The Rumba buzzes over the wood floor, well actually the tile painted to resemble “weathered gray #3” wood. The dog sleeps on his memory foam bed. The clock in the kitchen sits stagnate at 5:43, AM or PM, no one really remembers anymore, but a few like to claim they saw it stop. And who would ever be up at 5:43 am?
The family sits in the living room. The mom in one corner with her hair wrapped up in a towel, she has just gotten out of the shower. The two brothers sit across from each other and both place their feet on the coffee table covered with unopened New Yorkers that the oldest brother claims he will read one day. The dad reclines so much into the couch that his chin falls into his chest. Black plastic glasses, a little smudged; rest on his rather prominent nose. The daughter sits in the corner of the sectional couch nesting herself between bright orange and turquoise blue geometrically patterned pillows. She picks at her once cerulean now grayish nail polish.
“Really?”
The oldest boy responds, “Yes attorney”
“Attorney general?”
The mom as she fiddles with her towel adds, “Should I refer to you as attorney?”
“Really”
Giving up she removes the towel completely and drops from her hair fling onto the varnished credenza, “I will refer to you as attorney from this day forward”

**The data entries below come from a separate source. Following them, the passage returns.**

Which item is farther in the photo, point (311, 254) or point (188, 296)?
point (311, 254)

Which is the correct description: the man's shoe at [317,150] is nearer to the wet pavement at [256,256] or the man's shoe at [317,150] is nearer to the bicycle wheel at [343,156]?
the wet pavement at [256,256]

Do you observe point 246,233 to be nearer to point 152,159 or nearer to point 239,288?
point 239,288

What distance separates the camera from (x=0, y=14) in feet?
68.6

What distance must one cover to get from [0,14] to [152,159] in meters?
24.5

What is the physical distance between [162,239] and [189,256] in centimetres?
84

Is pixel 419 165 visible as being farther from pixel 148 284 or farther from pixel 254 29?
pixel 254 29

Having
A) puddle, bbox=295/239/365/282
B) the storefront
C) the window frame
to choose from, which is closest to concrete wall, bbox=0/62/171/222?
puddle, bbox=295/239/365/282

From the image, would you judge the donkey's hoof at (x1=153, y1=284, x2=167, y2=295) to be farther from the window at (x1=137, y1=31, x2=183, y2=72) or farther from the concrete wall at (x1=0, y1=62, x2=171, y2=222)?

“You can call me whatever you want”
“Butthead”
“Like asswipe”
“Asswipe”
The dad blinks his eyes open and asks, “Can I call you AL”
Out of tune and probably pitch, the younger of the two boys and his father chime, “You can call me Al”
The daughter finally peels of one long strip from her left pointer finger, “Oh my God. You really screwed up that song”
The eldest boy now flips through the March 24th edition of the New Yorker and looks and pretends to read, “That’s the worst singing in the history of singing.”
The girl lest out a cackle, “You didn’t think it could get any worse but”
“But it did”
“What’s the opposite of a platinum record?”
“Poop record.”
“Shit record.”
The dog chomps on a ratty looking bunny toy. Squeak. Squeak.
The mom has now decided to put her hair in a bun, and in doing so splatters the painting behind her with small droplets, “So Nog has a boyfriend, Maile”
The eldest son stops pretend reading (the light in the living room at night is not condusive to reading) as the Rumba docks itself, “Docking, docking, docked”
The girl now going at her right pinky finger responds, “Uh huh. She was texting him while she was here”
The younger of the two brothers corrects, “All day. All day”
The eldest son starts cracking his knuckles, “She was?” The New Yorker laying flat on his lap.
Squeak. Squeak.
The younger brother looks down at his feet, “All day.”
The mom looks over at the dog that has given up his toy for his tail, “Where does he live?”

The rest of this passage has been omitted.